The Mind-Body Split in Kibong Rhee’s Paintings

Hyperallergic

In August of 2022, I spent an afternoon in Kibong Rhee’s studio in Gwangju, South Korea, about an hour north of Seoul. Ever since that day, I have been thinking about how Rhee’s spatially indeterminate paintings of watery, mist-enshrouded landscapes open up a conceptual framework that I had yet to wrap my head around. One way to understand Rhee’s art is to see how it connects to the writings of philosopher Ludwig Wittgenstein, and the question of how we know what we know. Wittgenstein was a touchstone during my conversation with the artist, and a number of his paintings contain quotes by the philosopher in English and Korean. When I left the studio, I knew that I had to see Rhee’s work again because I was sure that I was missing something. Even though I had spent a long time looking at the pieces, they were conceptually complete in ways I was not quite grasping. 

 

There is no place at Tina Kim Gallery is the artist’s first exhibition at this gallery, and his first in the United States since 2011. Along with 10 paintings, the show includes an installation, “Mistygraphy–Cut Section” (2024), composed of two abutted horizontal sheets of glass supported by a steel structure. Behind the glass, which is a considerable distance from the wall, Rhee has applied black latex to the walls, its size and shape echoing the glass, and spanning nearly the entire wall of one of the two gallery spaces. The glass is transparent enough to see through, while at the same revealing ethereal reflections of the viewer and the entire room. The partially reflected images complicate perception, resulting in a disorienting effect.
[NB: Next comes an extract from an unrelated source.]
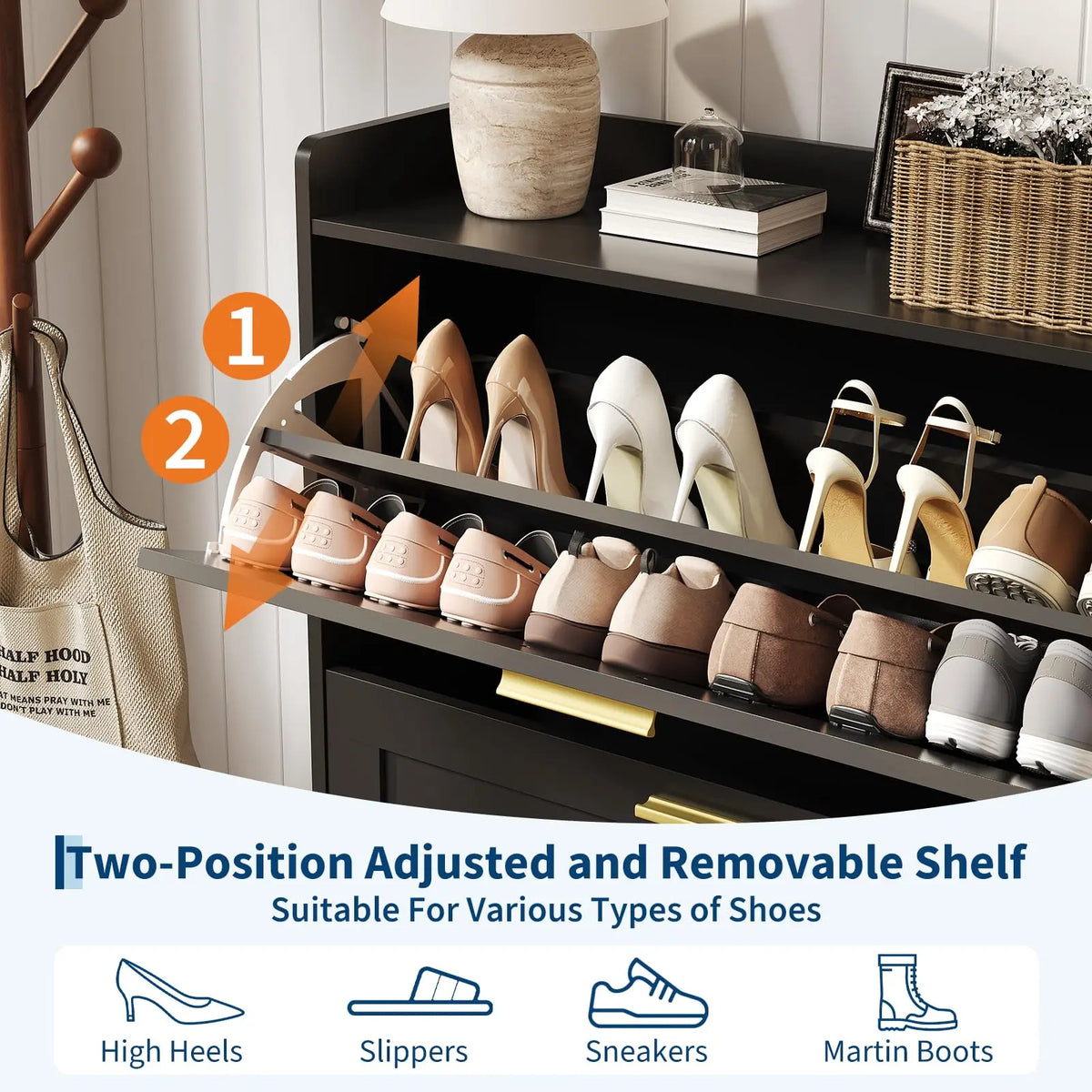 Narrow Shoe Cabinet For Entryway With 2-Tier Flip Drawers, Adjustable Shelves, Dustproof Back Panel, Freestanding Organizer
What does it mean to see through a semi-transparent plane to a black wall or dead end, while catching a glimpse of yourself looking? 

 

When I asked Rhee about “Mistygraphy–Cut Section,” he answered gnomically that one’s eyes are either closed or open, asleep or awake. When he closes his eyes, he sees only darkness, which he associates with the darkness of an expanding, limitless universe. When he opens his eyes, he sees reality, in which he is partially reflected. 

 

Like the installation, the paintings consist of two layers with a space between them. The surface layer is a porous polyester fiber; beneath it is a piece of canvas that fits exactly within a shallow box. Using a limited palette of different grays, Rhee paints on the canvas and polyester fiber. I see this combination as alluding to both Western oil painting and Asian ink painting; the latter is done on paper and occasionally silk and cannot be scraped down or altered. In Rhee’s work, each medium influences how the other is seen. Together, they make a hybrid object that goes beyond their individual elements. 

 

Rhee’s misty landscapes are based on both memory and imagination. They pull us into a world that does not exist, which helps explain the exhibition’s title, There is no place. Although they are hyperreal, the view changes radically as we get closer to the surface. From a distance, the painting looks almost like a photograph, but the image is spatially dimensional rather than flat. It is as if we could be swallowed up by the mist. Neither conventional painting nor photography can achieve this effect, which makes a fresh visual experience. Like filmic images of a foggy three-dimensional world in which, paradoxically, time passes and nothing changes, the tension seems more than just formal. 

 

The delicate abstract lines, marks, and drips of Rhee’s paintings are enhanced by his attention to shifts in tone and hue. Visually, they define an impossible space that is simultaneously photographic and painterly. All of this changes when we get close to the surface and recognize that the field of abstract liquid lines and drips do not seem connected to the pictorial images that we see from afar, and the space between the layers offers no clue as to how Rhee achieves his optical effects. This fissure between seeing and knowing is what links him to Wittgenstein, as both are interested in the slippery relationship between perception and articulation. 

 

I think the gap between different states of consciousness is Rhee’s primary subject. He creates these apertures by making a two-layer painting, which changes from a pictorial presentation of a lush, dreamy world to a tangled web of different viscosities when we approach its surface. I cannot think of another artist who has been able to achieve such a radical division in their work. Surprisingly, he uses a wide housepainter’s brush to get a network of delicate lines. 

 

“Differences – The Imprinted” (2024) is a barely legible black square painting whose geometric format brings to this viewer’s mind the work of Ad Reinhardt. This is the most elusive painting in an exhibition of tantalizing views. I kept alternating between looking at the painting as a whole and trying in vain to see through the porous surface to discern the imagery on the canvas layer. After doing this a number of times, I saw different clusters of words along the top of the painting. Reading them proved impossible, which did not bother me. 

 

When I began thinking about Rhee’s painting, I thought of Georges Seurat and his pointillist dots. We can move smoothly from the dot to an optical image. In Rhee’s “Mistygraphy” (2023), a disruption opens up, conveying the gap between seeing and naming. This is the gap that Wittgenstein pondered throughout his life without reaching a satisfying conclusion. Like Wittgenstein, Rhee’s paintings are powerful evocations of the mind-body split, and how language is unable to grasp the elusiveness of the senses. His innovative, challenging work should be internationally known.